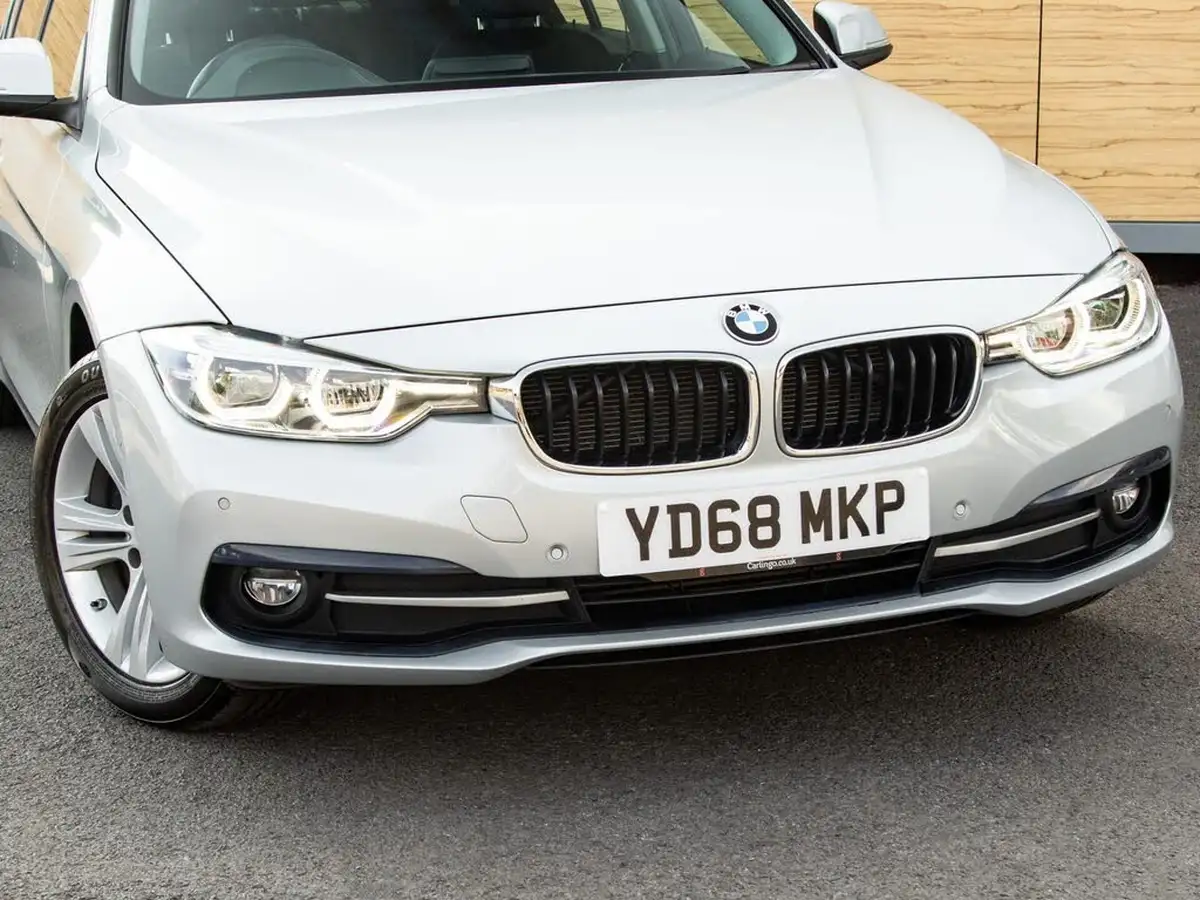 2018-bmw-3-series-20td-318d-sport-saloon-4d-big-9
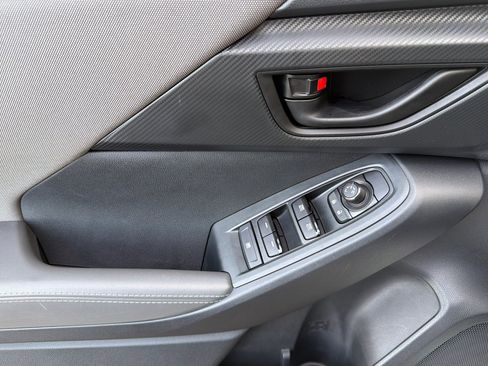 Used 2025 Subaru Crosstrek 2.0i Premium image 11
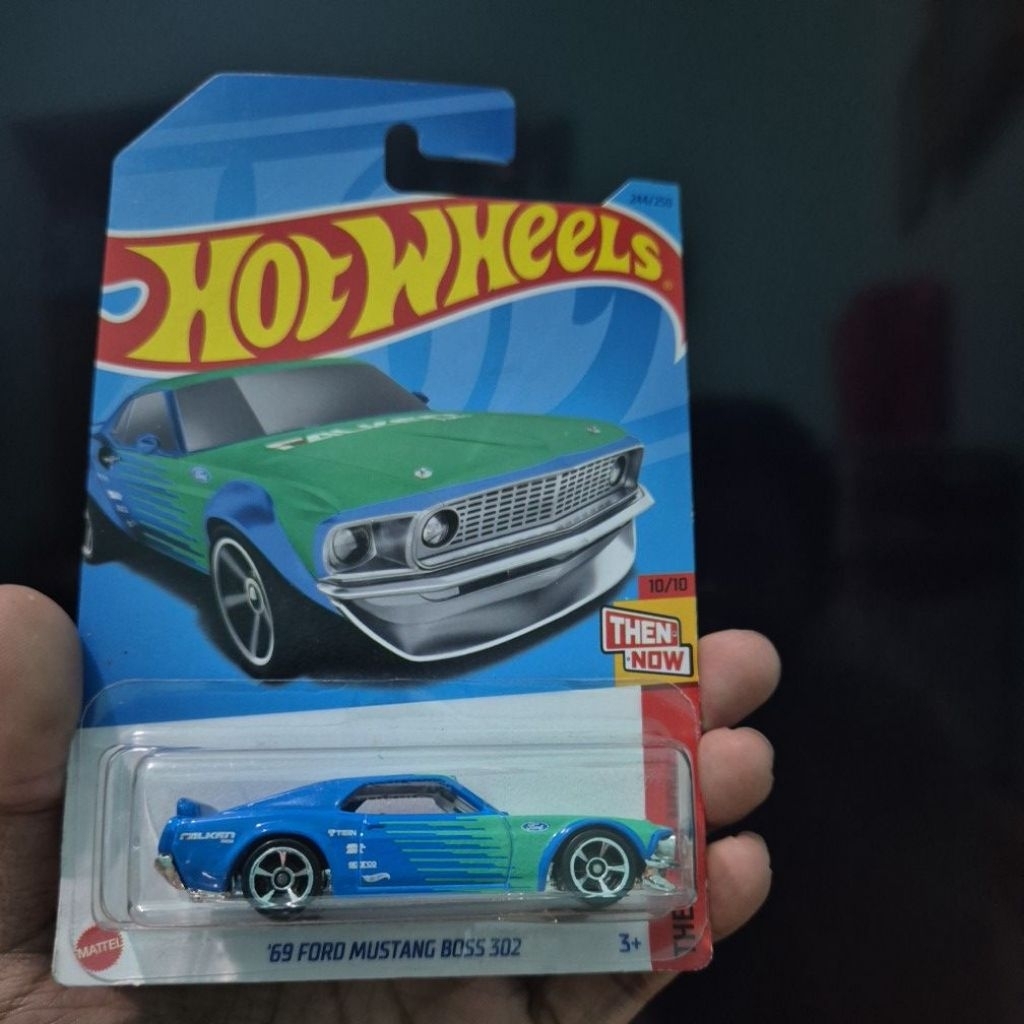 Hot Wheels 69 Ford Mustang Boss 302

————

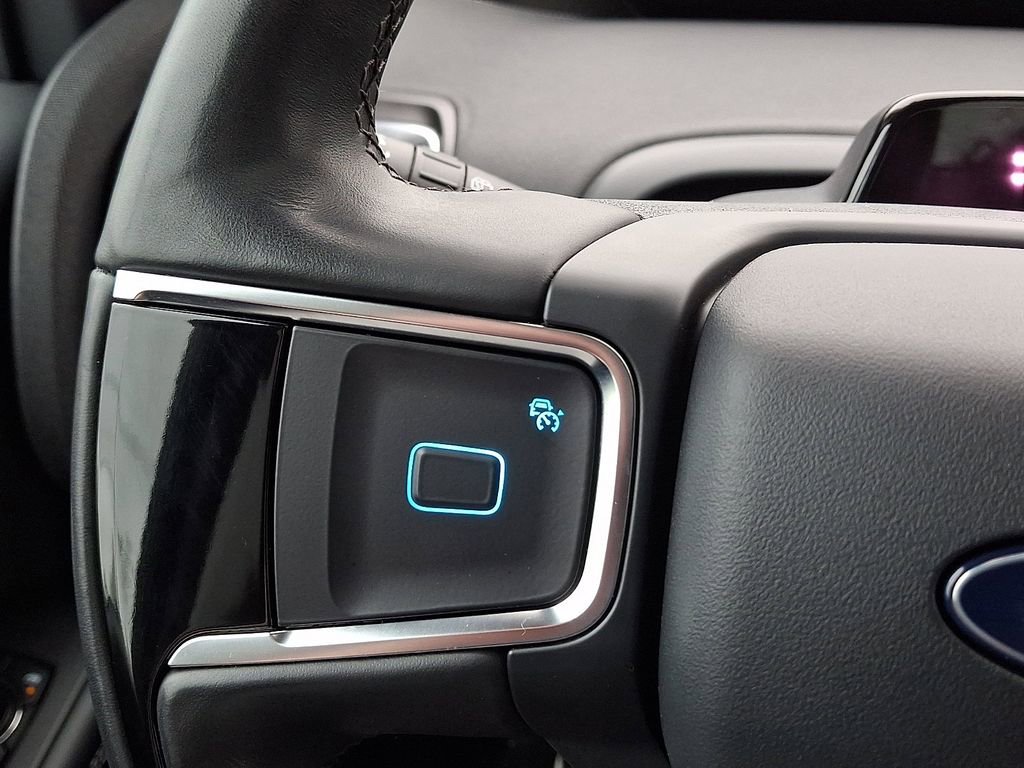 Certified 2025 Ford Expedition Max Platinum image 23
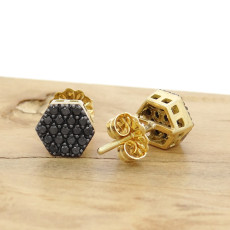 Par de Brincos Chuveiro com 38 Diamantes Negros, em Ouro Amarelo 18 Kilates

————

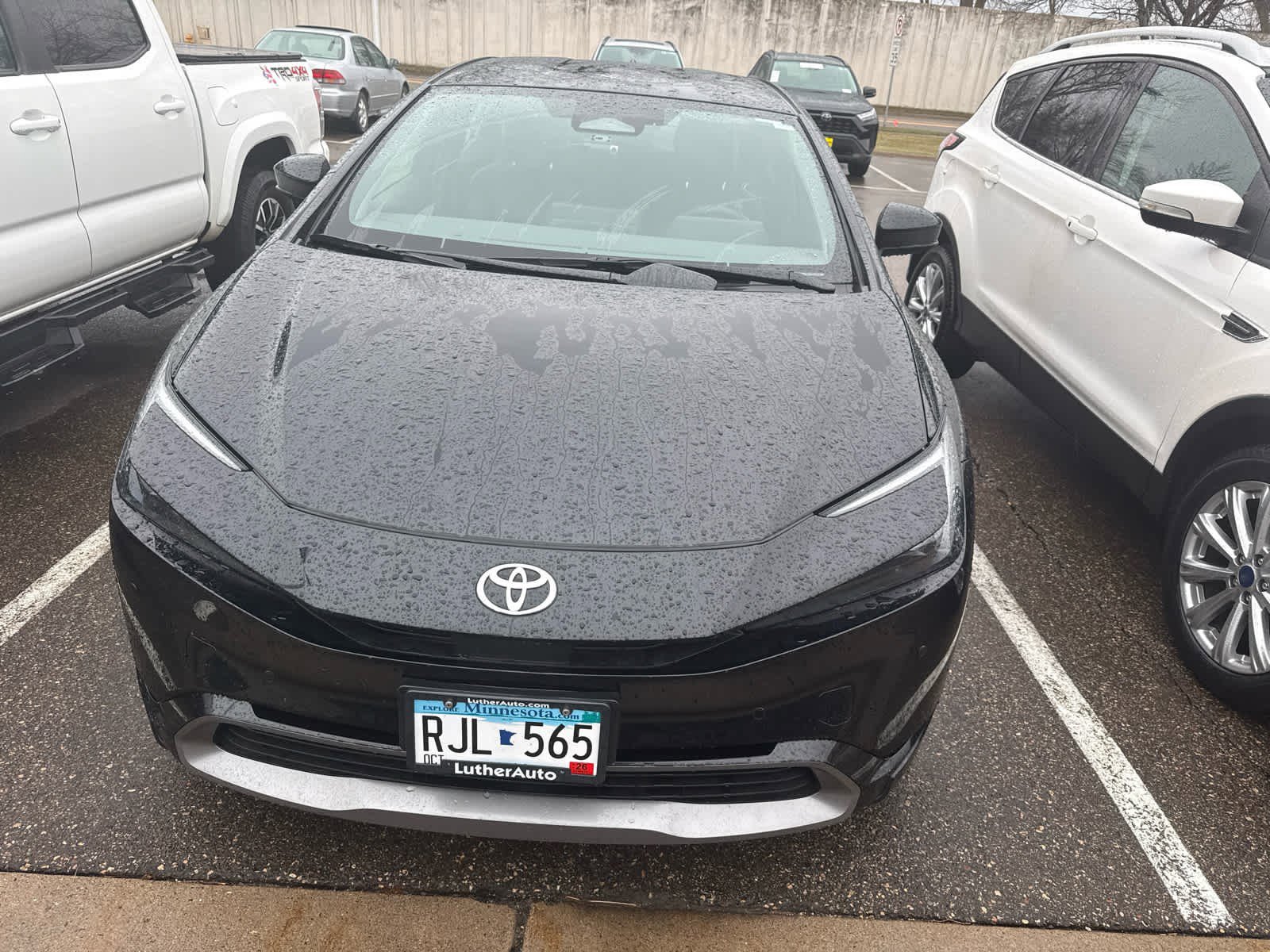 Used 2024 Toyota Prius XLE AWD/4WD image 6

————

Above, find the line with "2018-bmw-3-series-20td-318d-sport-saloon-4d-big-9"; copy it and every line down to the line with "Hot Wheels 69 Ford Mustang Boss 302", exactly and both included, but no pictures.

» Reply
 2018-bmw-3-series-20td-318d-sport-saloon-4d-big-9
 Used 2025 Subaru Crosstrek 2.0i Premium image 11
 Hot Wheels 69 Ford Mustang Boss 302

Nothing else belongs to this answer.